O CCE apontou um quadro grave de infraestrutura, manutenção e carência de pessoal técnico, com destaque para os blocos A e D – este último, a “Caixa Preta”, único espaço para apresentações cênicas e gravações dos cursos – em situação considerada urgente. Houve relatos de infiltrações, falta de impermeabilização, riscos estruturais, além de falhas crônicas de iluminação interna e externa, escassez de água e salas interditadas. A insuficiência de respostas a demandas emergenciais tem levado docentes a custear reparos com recursos próprios, prejudicando o planejamento do centro. Somam-se pendências como a instalação, há mais de dois anos, de um forno cerâmico, problemas de ar-condicionado e fiação perigosa no bloco A, banheiros interditados, equipamentos obsoletos e licenças de software.
Na área de Libras, enfrenta-se a falta de tradutores e intérpretes, laboratórios e equipamentos adequados, o que impacta diretamente na acessibilidade do centro.
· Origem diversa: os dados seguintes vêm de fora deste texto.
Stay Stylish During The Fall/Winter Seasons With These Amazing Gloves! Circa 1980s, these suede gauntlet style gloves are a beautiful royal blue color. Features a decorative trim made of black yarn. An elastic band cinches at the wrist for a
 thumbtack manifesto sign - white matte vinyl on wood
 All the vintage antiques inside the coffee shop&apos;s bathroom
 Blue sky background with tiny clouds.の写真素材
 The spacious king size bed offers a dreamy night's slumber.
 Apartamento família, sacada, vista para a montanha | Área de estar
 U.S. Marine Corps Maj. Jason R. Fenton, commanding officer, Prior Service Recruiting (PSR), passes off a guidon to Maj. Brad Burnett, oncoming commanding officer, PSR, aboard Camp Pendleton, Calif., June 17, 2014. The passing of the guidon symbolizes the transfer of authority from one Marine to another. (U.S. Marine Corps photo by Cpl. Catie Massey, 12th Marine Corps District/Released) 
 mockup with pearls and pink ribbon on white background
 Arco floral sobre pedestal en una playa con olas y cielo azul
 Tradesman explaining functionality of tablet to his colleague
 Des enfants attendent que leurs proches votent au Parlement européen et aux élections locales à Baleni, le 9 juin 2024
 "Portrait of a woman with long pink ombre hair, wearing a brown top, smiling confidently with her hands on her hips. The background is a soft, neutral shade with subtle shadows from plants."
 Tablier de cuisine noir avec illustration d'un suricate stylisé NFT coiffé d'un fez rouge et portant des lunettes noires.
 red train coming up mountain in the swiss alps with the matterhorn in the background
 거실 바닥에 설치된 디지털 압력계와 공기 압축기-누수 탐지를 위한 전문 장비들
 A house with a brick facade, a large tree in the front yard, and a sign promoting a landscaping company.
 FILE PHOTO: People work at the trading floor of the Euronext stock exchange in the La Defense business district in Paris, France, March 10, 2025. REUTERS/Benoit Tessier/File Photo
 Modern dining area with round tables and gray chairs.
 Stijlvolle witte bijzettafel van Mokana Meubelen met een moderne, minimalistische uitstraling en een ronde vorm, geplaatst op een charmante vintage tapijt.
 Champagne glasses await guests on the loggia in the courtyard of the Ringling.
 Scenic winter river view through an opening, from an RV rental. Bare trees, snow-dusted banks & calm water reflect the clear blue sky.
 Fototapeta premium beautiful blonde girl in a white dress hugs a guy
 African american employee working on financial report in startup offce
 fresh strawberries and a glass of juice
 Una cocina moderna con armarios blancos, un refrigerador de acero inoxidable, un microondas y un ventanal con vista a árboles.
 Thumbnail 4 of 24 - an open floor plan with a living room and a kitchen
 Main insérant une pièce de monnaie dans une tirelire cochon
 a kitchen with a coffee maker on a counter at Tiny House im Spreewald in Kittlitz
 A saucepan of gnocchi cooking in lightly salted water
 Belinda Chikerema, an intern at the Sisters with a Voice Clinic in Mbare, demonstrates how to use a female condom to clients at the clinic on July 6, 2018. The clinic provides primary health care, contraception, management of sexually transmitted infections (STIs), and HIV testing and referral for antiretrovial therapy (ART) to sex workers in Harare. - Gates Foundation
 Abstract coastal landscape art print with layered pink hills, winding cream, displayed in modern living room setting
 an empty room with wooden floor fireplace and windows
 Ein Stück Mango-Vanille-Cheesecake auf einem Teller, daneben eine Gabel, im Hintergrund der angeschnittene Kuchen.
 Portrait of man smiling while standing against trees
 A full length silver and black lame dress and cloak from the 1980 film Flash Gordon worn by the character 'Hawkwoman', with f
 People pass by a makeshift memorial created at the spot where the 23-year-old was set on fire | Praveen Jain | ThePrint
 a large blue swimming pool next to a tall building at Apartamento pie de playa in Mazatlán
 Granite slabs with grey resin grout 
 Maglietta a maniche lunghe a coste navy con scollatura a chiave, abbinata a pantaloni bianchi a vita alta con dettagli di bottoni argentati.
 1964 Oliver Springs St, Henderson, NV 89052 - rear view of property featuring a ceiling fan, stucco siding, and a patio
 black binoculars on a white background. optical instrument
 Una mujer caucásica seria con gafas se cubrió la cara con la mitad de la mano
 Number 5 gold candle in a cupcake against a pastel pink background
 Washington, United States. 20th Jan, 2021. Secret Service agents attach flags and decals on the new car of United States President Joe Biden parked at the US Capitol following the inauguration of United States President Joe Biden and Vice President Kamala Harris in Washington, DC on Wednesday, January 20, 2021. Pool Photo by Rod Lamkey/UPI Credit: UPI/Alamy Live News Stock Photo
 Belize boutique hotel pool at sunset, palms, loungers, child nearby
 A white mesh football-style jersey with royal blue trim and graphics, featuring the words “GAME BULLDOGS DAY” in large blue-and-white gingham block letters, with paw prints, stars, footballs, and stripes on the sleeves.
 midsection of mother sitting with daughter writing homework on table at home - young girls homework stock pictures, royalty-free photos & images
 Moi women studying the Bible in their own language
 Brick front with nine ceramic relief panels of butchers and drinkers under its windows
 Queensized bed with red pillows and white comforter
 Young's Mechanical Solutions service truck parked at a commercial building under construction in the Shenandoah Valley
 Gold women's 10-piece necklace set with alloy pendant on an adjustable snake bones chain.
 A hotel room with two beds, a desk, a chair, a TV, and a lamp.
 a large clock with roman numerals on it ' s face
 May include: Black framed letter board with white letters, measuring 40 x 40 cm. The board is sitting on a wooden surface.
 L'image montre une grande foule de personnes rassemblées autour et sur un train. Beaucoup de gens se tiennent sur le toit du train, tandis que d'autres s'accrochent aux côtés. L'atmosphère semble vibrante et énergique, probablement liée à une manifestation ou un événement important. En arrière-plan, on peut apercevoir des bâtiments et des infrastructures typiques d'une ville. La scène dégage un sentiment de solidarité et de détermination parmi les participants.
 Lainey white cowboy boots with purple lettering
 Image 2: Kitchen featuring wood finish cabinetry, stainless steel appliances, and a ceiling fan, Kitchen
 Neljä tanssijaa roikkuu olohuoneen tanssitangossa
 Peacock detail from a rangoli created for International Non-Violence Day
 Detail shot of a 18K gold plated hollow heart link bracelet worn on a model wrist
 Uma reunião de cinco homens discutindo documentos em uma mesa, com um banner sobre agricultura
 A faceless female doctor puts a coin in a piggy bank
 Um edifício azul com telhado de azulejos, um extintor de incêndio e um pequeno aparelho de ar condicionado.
O CCE solicitou fiscalização e previsibilidade em manutenção, solução para o espaço físico (incluindo articulação com a SeCArte sobre uso de espaços para aulas e apresentações), regularização de serviços básicos, reabertura segura da Caixa Preta e apoio a iniciativas como a implantação da Rádio UFSC.
No CCA, as demandas concentraram-se em infraestrutura, manutenção e pessoal técnico. Foram relatadas infiltrações em telhados, manutenção atrasada, falhas de climatização que afetam laboratórios e aulas práticas, além de escassez de técnicos em áreas-chave. As unidades produtivas – Fazenda Experimental da Ressacada, Estação de Maricultura da Barra da Lagoa e Fazenda Yakult – apresentam déficits históricos de infraestrutura e quadro de trabalhadores insuficiente, com impacto direto no cuidado de animais e plantas, na segurança operacional e na continuidade de ensino, pesquisa e extensão.
Houve ainda queixas sobre transporte para práticas de campo, prejudicando a realização de atividades curriculares, e sobre a morosidade de respostas no Sistema de Processos Administrativos (SPA), com pedido de previsibilidade nos retornos. O centro cobrou regularidade dos duodécimos – com indicação do reitor de liberação inicial em março. A prioridade em infraestrutura foi consenso, com efeitos agravados pela natureza das atividades do CCA.
A agenda das reuniões nos campi da UFSC será divulgada oportunamente.